Set down every entry exactly as given. Pictures are to be left out.

Entries taken from a collection
>>>>

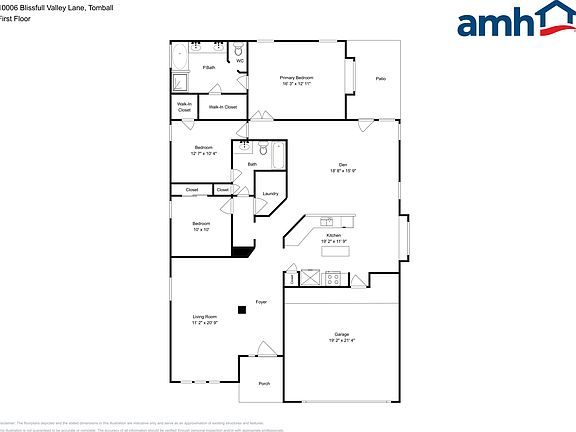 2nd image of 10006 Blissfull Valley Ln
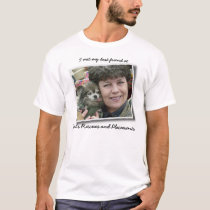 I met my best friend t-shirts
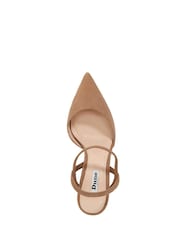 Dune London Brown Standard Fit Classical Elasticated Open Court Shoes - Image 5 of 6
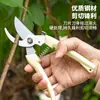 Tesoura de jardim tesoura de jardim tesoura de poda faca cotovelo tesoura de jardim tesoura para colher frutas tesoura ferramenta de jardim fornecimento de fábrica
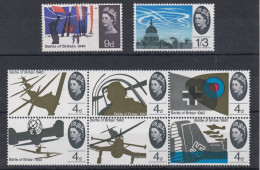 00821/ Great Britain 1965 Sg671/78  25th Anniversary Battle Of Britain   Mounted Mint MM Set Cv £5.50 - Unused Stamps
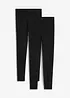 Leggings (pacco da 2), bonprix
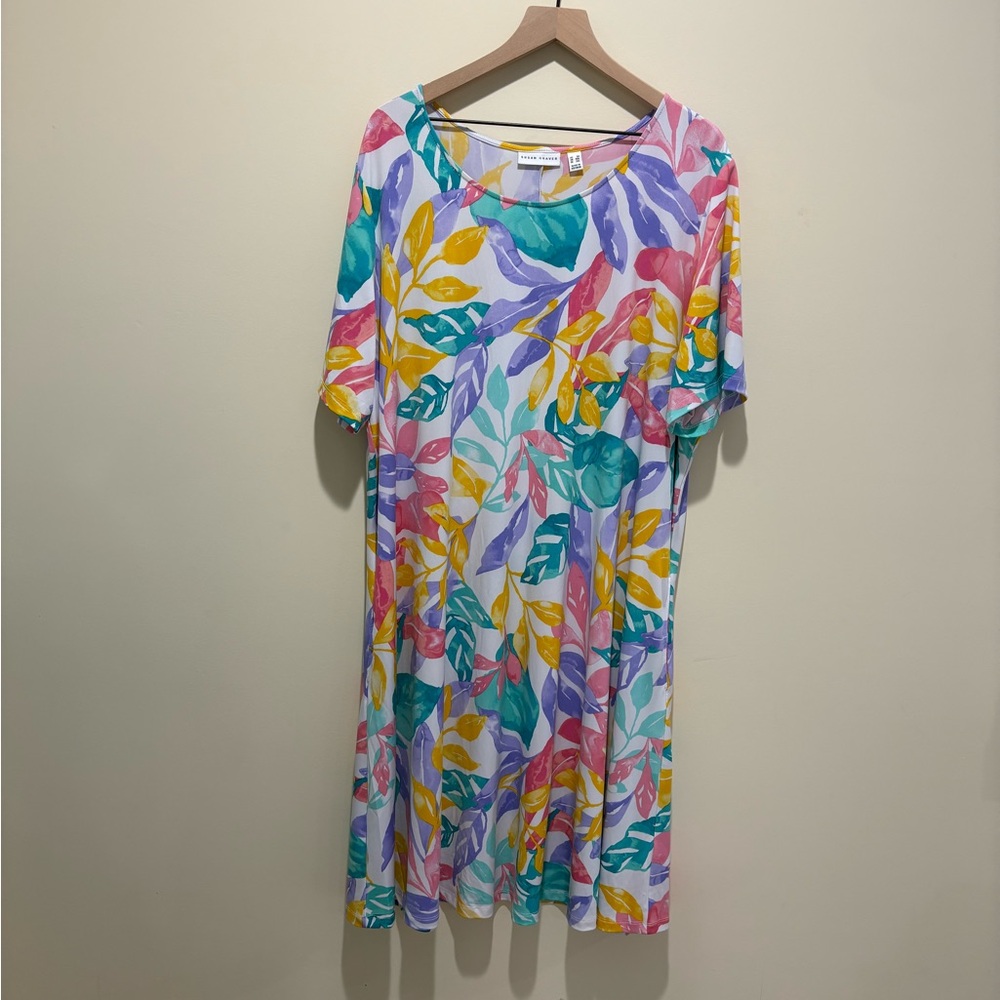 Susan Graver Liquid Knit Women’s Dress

<<<<

* Output for this exercise:
 2nd image of 10006 Blissfull Valley Ln
 I met my best friend t-shirts
 Dune London Brown Standard Fit Classical Elasticated Open Court Shoes - Image 5 of 6
 Tesoura de jardim tesoura de jardim tesoura de poda faca cotovelo tesoura de jardim tesoura para colher frutas tesoura ferramenta de jardim fornecimento de fábrica
 00821/ Great Britain 1965 Sg671/78  25th Anniversary Battle Of Britain   Mounted Mint MM Set Cv £5.50 - Unused Stamps
 Leggings (pacco da 2), bonprix
 Susan Graver Liquid Knit Women’s Dress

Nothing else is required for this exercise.